Challenges and Future Prospects of the MXene-Based Materials for Energy Storage Applications

Abstract

In the past decade, MXenes, a new class of advanced functional 2D nanomaterials, have emerged among numerous types of electrode materials for electrochemical energy storage devices. MXene and their composites have opened up an interesting new opportunity in the field of functional materials, owing to their transition metal nitrides/carbides/carbonitride-based unique layered structures, higher electrical and thermal conductivity, higher charge carrier mobility, high negative zeta-potential, high mechanical properties, tunable bandgap, superior hydrophilicity, metallic nature and rich surface chemistry, which enhance the number of metal active redox sites on the surface and short ion diffusion path. However, in the case of electrochemical energy storage applications, the unavoidable problem of aggregation and nanosheet restacking significantly reduces the accessibility of the active surface sites of MXene materials for electrolyte ions.

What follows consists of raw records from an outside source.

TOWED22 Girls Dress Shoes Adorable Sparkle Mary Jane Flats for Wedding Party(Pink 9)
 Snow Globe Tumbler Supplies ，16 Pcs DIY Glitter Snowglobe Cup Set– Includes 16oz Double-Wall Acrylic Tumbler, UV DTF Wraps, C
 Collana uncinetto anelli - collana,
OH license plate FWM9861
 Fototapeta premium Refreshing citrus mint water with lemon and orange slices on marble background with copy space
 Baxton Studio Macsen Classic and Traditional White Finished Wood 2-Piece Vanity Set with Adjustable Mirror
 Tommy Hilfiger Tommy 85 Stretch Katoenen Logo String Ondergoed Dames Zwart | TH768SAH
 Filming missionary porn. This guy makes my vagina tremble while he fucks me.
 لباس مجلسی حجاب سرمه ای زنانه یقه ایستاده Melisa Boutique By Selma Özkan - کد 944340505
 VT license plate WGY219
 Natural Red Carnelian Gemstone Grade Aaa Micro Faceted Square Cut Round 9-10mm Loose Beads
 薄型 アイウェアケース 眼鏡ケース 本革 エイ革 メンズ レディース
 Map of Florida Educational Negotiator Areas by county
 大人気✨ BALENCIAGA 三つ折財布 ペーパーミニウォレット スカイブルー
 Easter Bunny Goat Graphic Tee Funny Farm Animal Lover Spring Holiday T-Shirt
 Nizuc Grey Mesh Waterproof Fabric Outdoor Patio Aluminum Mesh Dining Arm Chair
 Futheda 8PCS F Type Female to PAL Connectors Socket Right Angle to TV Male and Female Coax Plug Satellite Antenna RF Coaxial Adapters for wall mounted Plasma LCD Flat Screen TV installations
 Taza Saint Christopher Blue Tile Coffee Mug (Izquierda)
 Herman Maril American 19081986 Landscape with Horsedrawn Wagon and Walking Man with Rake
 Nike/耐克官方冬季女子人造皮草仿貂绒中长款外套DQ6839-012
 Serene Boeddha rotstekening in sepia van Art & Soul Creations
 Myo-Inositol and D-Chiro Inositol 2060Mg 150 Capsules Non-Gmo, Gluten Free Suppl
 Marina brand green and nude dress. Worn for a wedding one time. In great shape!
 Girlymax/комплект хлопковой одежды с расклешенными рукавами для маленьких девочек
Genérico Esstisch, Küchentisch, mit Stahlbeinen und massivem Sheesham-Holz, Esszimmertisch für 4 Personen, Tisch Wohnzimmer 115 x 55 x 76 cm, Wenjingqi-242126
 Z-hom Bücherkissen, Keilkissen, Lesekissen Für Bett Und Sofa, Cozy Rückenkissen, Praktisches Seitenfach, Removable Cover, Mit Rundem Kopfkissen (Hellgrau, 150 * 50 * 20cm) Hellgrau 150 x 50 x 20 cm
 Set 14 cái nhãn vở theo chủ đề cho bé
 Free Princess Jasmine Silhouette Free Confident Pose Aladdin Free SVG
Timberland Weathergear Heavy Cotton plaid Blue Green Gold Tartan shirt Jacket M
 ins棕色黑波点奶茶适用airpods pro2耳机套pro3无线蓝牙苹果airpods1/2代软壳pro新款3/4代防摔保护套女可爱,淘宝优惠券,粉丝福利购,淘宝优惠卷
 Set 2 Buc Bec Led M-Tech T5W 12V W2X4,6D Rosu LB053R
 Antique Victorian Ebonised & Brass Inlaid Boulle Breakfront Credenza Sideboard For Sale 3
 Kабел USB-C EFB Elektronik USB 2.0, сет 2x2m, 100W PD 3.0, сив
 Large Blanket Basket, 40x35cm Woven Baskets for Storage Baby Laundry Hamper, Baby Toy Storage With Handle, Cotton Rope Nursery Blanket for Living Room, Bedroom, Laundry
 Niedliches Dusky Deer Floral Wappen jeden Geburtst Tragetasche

Currently, there is a number of research efforts devoted to solutions in order to avoid these deficits. This Review complies extensively with the recent advances in the application of MXene-based materials in the energy storage devices such as batteries and supercapacitors. Particular attention is paid to the understanding of the relation of MXenes chemical composition, and morphology with their electrochemical performances. Moreover, the challenges of MXenes and MXene-based composited for the commercial application are considered and the ways to overcome their drawbacks are provided. Finally, opportunities given with MXenes for future research on novel energy storage materials are highlighted.